Didn't work for me. What happened was:
'Column fodder' - Companies wanting quotes but already decided on their chosen supplier and often quite unethical
Cost driven - never a happy place to play in
No issue with the service provider - worked hard and professional but they all confuse ranking in Google with sales. For some businesses this is the case but not for mine - corporate video production.
A business needs to assess its fundamentals. I always have a personal relationship with my buyers and this means impersonal IT searches are not the best way to start that relationship. For other businesses eg Winnings with white goods the Google ranking is critical to their competitive position.
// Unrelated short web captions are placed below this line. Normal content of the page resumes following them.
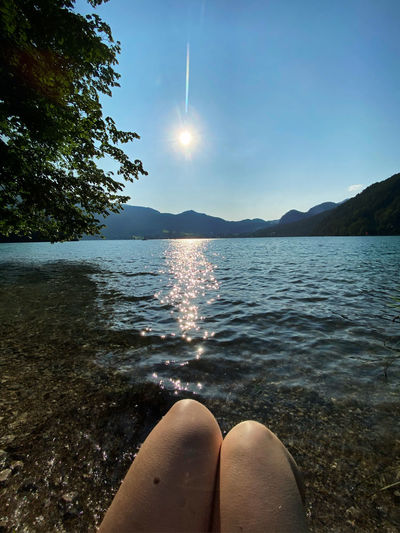Low section of person relaxing in lake against sky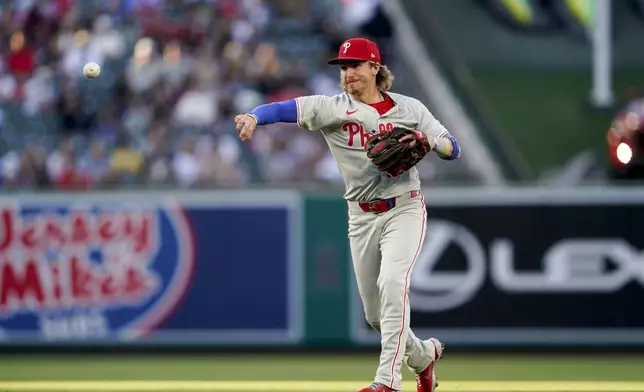 Philadelphia Phillies second baseman Bryson Stott throws out Los Angeles Angels' Taylor Ward at first during the first inning of a baseball game, Monday, April 29, 2024, in Anaheim, Calif. (AP Photo/Ryan Sun)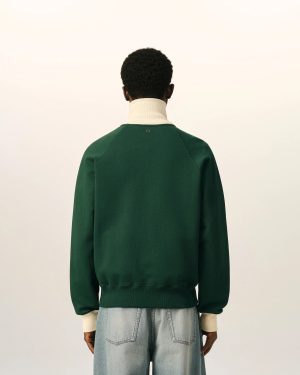 Person viewed from behind wearing a dark green sweater over a cream turtleneck and light-wash jeans against a pale background.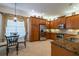 Spacious kitchen with stainless steel appliances and granite countertops at 15731 Crystal Waters Dr, Wimauma, FL 33598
The internet is not the answer to all questions.
Jayson Rodda ,
Head of Digital Marketing at Find Your Ideal Customers
Based on my experience across some 500-1000 adwords accounts in many industries, I would suggest that at least 75% of the adwords accounts I've seen (either self managed or with other adwords agencies) don't make money. Most common reasons would include: Not having basic tracking in place, Business owners that say - I just need to be in the top of Google, Delegating the task to the office junior to look after the adwords account Poor quality online marketing companies - that lack expertise to fully understand & service your business What sort of returns would an advertiser expect to get if they recorded video via an iphone and put together a TV commercial in their spare time, then posted it in prime time TV advertising slots. They would be disappointed no doubt, as well. Google adwords is the only method on Google, that provides advertisers the ability to target exact search terms, with specific ad copy and direct users to nominated pages. Even better, you decide what you are willing to pay to be on the front page of google in 1 minute. Those that understand it should make money in majority of industries. Particularly if you are not paying a management fee, that does change the landscape sometimes with smaller advertisers & in some niche markets. Areas to avoid for Google adwords: ecommerce - low margin products, poor quality adwords management companies & high CPC markets with low margins. To answer your second question: It does not matter if buyers click on adwords or organic. It matters that you can effectively measure that all of your marketing activities are delivering positive ROI. Whilst I've seen instances when ranking #1 in organic and #1 in adwords you can gain as much as 60% of the market. This would (for sure) attract most buyers. CTR's would suggest that top organic rankings still outperform top adwords rankings. But given all the panda & penguin updates, businesses have lack of certainty have with shrinking organic rankings (above the fold). This will continue as the days that SEO dominated google search volume will become a distant memory. Google will continues to push towards a paid model, to keep their share holders happy. If an adwords account is complimented with web experience designed to maximise prospect engagement you should be attracting potential buyers profitably. This ideally should be well above organic traffic conversion rates.